Le contexte historique des événements en Afghanistan

Les talibans sont présentés comme les ennemis de la civilisation, un danger pour les droits de l’homme et ceux des femmes, en particulier. Ils sont certes brutaux et animés d’une vision qui renvoie aux pires aspects du Moyen Âge. Cependant, ils ne sont pas une exception à l’époque dans laquelle nous vivons. Ils sont le produit d’un système social réactionnaire : le capitalisme décadent. En particulier, leur essor est une manifestation de la décomposition, stade final de la décadence du capitalisme.
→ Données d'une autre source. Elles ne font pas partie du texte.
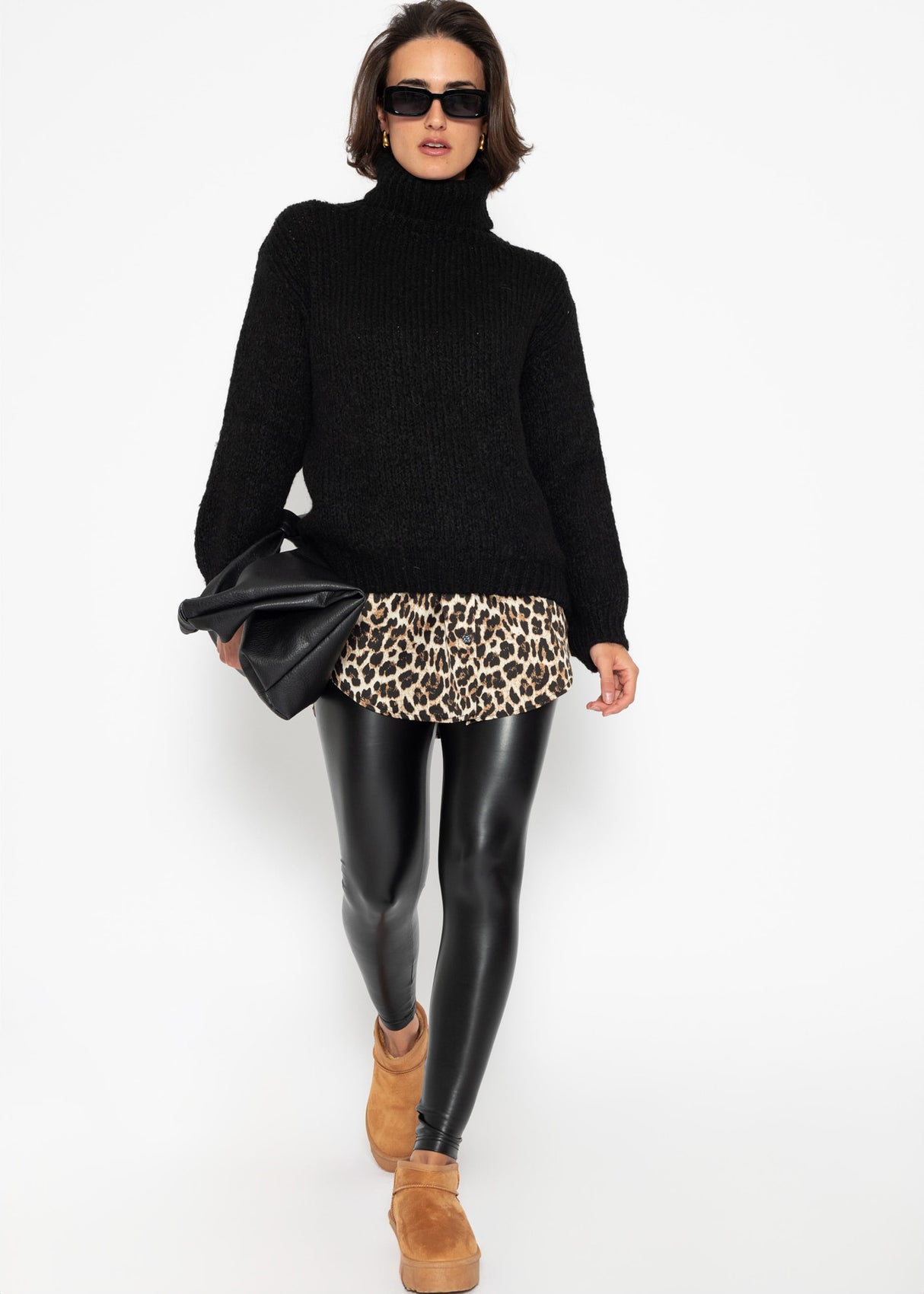 Blouse skirt with leopard print - brown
La seconde moitié des années 1970 a vu une escalade de la guerre froide entre les blocs impérialistes américain et russe, les États-Unis installant des missiles de croisière en Europe occidentale et forçant l’URSS à s’engager dans une course aux armements qu’elle pouvait de moins en moins se permettre. Cependant, en 1979, l’un des piliers du bloc occidental au Moyen-Orient, l’Iran, s’est effondré dans le chaos. Toutes les tentatives des fractions les plus responsables de la bourgeoisie iranienne pour imposer l’ordre ont échoué et les éléments les plus arriérés du clergé ont profité de ce chaos pour prendre le pouvoir. Le nouveau régime a rompu avec le bloc occidental mais a également refusé de rejoindre le bloc russe. L’Iran a une longue frontière avec la Russie et avait donc joué un rôle clé dans la stratégie occidentale d’encerclement de l’URSS. Suite à cet effondrement, l’Iran est devenu un électron libre dans la région. Ce nouveau désordre a encouragé l’URSS à envahir l’Afghanistan lorsque l’Occident a tenté de renverser le régime pro-russe qu’elle avait réussi à installer à Kaboul en 1978. En envahissant l’Afghanistan, la Russie espérait pouvoir, à un stade ultérieur, accéder à l’océan Indien.

En Afghanistan, nous avons assisté à une terrible explosion de barbarie militaire. L’URSS a déchaîné toute la puissance de son arsenal sur les moudjahidines («  combattants de la liberté  ») et la population en général. De l’autre côté, le bloc américain a armé, financé et entraîné les moudjahidines et les chefs de guerre afghans opposés aux Russes. Parmi eux figuraient de nombreux fondamentalistes islamiques ainsi qu’un afflux croissant de djihadistes venus du monde entier. Les États-Unis et leurs alliés ont enseigné à ces «  combattants de la liberté  » tous les arts de la terreur et de la guerre. Cette guerre pour la «  liberté  » a tué entre 500 000 et 2 millions de personnes et a laissé le pays dévasté. Elle a également été le berceau d’une forme plus globale de terrorisme islamique, caractérisée par l’ascension de Ben Laden et d’Al-Qaida.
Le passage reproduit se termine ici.